Extracted records
-------

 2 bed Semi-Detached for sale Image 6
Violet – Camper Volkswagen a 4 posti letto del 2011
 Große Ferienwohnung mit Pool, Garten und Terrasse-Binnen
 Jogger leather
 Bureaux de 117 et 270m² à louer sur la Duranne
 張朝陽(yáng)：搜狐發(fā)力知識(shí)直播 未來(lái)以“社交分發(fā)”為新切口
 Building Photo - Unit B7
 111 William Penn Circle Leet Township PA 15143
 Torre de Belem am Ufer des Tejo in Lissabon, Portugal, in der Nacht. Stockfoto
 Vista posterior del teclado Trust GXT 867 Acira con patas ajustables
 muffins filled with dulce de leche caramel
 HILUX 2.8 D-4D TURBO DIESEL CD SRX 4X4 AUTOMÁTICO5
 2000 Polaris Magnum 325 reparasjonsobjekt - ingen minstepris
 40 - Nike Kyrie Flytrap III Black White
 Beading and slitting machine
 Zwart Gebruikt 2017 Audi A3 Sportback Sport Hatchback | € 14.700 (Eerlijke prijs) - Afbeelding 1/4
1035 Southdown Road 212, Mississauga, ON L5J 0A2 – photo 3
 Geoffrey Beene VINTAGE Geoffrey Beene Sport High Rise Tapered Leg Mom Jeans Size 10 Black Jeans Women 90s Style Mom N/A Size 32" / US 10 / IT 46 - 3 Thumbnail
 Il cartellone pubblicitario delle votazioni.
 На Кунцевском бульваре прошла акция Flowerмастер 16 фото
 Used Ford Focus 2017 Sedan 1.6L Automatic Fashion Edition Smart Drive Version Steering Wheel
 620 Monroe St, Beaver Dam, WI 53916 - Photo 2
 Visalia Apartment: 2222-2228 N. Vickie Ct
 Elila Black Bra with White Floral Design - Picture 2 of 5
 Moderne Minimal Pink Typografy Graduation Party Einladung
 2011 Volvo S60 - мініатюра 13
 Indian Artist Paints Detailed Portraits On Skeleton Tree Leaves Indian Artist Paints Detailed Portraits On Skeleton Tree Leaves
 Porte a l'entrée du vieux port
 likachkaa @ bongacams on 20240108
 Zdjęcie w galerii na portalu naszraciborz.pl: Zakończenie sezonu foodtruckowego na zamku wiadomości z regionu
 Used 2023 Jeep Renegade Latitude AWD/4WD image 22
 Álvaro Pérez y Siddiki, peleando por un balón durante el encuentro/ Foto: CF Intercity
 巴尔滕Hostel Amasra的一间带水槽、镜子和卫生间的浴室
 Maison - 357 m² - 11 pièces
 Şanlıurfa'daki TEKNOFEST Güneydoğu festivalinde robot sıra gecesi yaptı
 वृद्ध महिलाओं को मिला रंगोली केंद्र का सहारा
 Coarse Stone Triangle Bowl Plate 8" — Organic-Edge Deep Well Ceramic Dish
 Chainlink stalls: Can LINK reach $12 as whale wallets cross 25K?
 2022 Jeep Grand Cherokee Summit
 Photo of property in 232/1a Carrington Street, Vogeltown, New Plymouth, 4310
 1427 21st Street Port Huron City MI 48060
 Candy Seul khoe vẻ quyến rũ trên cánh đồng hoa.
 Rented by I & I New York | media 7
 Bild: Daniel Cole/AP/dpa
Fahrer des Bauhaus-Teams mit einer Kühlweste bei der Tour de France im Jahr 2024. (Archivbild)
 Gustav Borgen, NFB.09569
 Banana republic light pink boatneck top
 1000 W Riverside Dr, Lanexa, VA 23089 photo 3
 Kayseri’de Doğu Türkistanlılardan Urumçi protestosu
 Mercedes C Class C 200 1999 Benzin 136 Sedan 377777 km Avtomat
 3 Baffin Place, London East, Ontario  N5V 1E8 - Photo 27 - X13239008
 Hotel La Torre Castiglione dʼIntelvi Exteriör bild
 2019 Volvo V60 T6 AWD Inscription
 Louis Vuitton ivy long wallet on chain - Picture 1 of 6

-------

Task objective: All entries should be transcribed verbatim.

Answer for the task:
 2 bed Semi-Detached for sale Image 6
Violet – Camper Volkswagen a 4 posti letto del 2011
 Große Ferienwohnung mit Pool, Garten und Terrasse-Binnen
 Jogger leather
 Bureaux de 117 et 270m² à louer sur la Duranne
 張朝陽(yáng)：搜狐發(fā)力知識(shí)直播 未來(lái)以“社交分發(fā)”為新切口
 Building Photo - Unit B7
 111 William Penn Circle Leet Township PA 15143
 Torre de Belem am Ufer des Tejo in Lissabon, Portugal, in der Nacht. Stockfoto
 Vista posterior del teclado Trust GXT 867 Acira con patas ajustables
 muffins filled with dulce de leche caramel
 HILUX 2.8 D-4D TURBO DIESEL CD SRX 4X4 AUTOMÁTICO5
 2000 Polaris Magnum 325 reparasjonsobjekt - ingen minstepris
 40 - Nike Kyrie Flytrap III Black White
 Beading and slitting machine
 Zwart Gebruikt 2017 Audi A3 Sportback Sport Hatchback | € 14.700 (Eerlijke prijs) - Afbeelding 1/4
1035 Southdown Road 212, Mississauga, ON L5J 0A2 – photo 3
 Geoffrey Beene VINTAGE Geoffrey Beene Sport High Rise Tapered Leg Mom Jeans Size 10 Black Jeans Women 90s Style Mom N/A Size 32" / US 10 / IT 46 - 3 Thumbnail
 Il cartellone pubblicitario delle votazioni.
 На Кунцевском бульваре прошла акция Flowerмастер 16 фото
 Used Ford Focus 2017 Sedan 1.6L Automatic Fashion Edition Smart Drive Version Steering Wheel
 620 Monroe St, Beaver Dam, WI 53916 - Photo 2
 Visalia Apartment: 2222-2228 N. Vickie Ct
 Elila Black Bra with White Floral Design - Picture 2 of 5
 Moderne Minimal Pink Typografy Graduation Party Einladung
 2011 Volvo S60 - мініатюра 13
 Indian Artist Paints Detailed Portraits On Skeleton Tree Leaves Indian Artist Paints Detailed Portraits On Skeleton Tree Leaves
 Porte a l'entrée du vieux port
 likachkaa @ bongacams on 20240108
 Zdjęcie w galerii na portalu naszraciborz.pl: Zakończenie sezonu foodtruckowego na zamku wiadomości z regionu
 Used 2023 Jeep Renegade Latitude AWD/4WD image 22
 Álvaro Pérez y Siddiki, peleando por un balón durante el encuentro/ Foto: CF Intercity
 巴尔滕Hostel Amasra的一间带水槽、镜子和卫生间的浴室
 Maison - 357 m² - 11 pièces
 Şanlıurfa'daki TEKNOFEST Güneydoğu festivalinde robot sıra gecesi yaptı
 वृद्ध महिलाओं को मिला रंगोली केंद्र का सहारा
 Coarse Stone Triangle Bowl Plate 8" — Organic-Edge Deep Well Ceramic Dish
 Chainlink stalls: Can LINK reach $12 as whale wallets cross 25K?
 2022 Jeep Grand Cherokee Summit
 Photo of property in 232/1a Carrington Street, Vogeltown, New Plymouth, 4310
 1427 21st Street Port Huron City MI 48060
 Candy Seul khoe vẻ quyến rũ trên cánh đồng hoa.
 Rented by I & I New York | media 7
 Bild: Daniel Cole/AP/dpa
Fahrer des Bauhaus-Teams mit einer Kühlweste bei der Tour de France im Jahr 2024. (Archivbild)
 Gustav Borgen, NFB.09569
 Banana republic light pink boatneck top
 1000 W Riverside Dr, Lanexa, VA 23089 photo 3
 Kayseri’de Doğu Türkistanlılardan Urumçi protestosu
 Mercedes C Class C 200 1999 Benzin 136 Sedan 377777 km Avtomat
 3 Baffin Place, London East, Ontario  N5V 1E8 - Photo 27 - X13239008
 Hotel La Torre Castiglione dʼIntelvi Exteriör bild
 2019 Volvo V60 T6 AWD Inscription
 Louis Vuitton ivy long wallet on chain - Picture 1 of 6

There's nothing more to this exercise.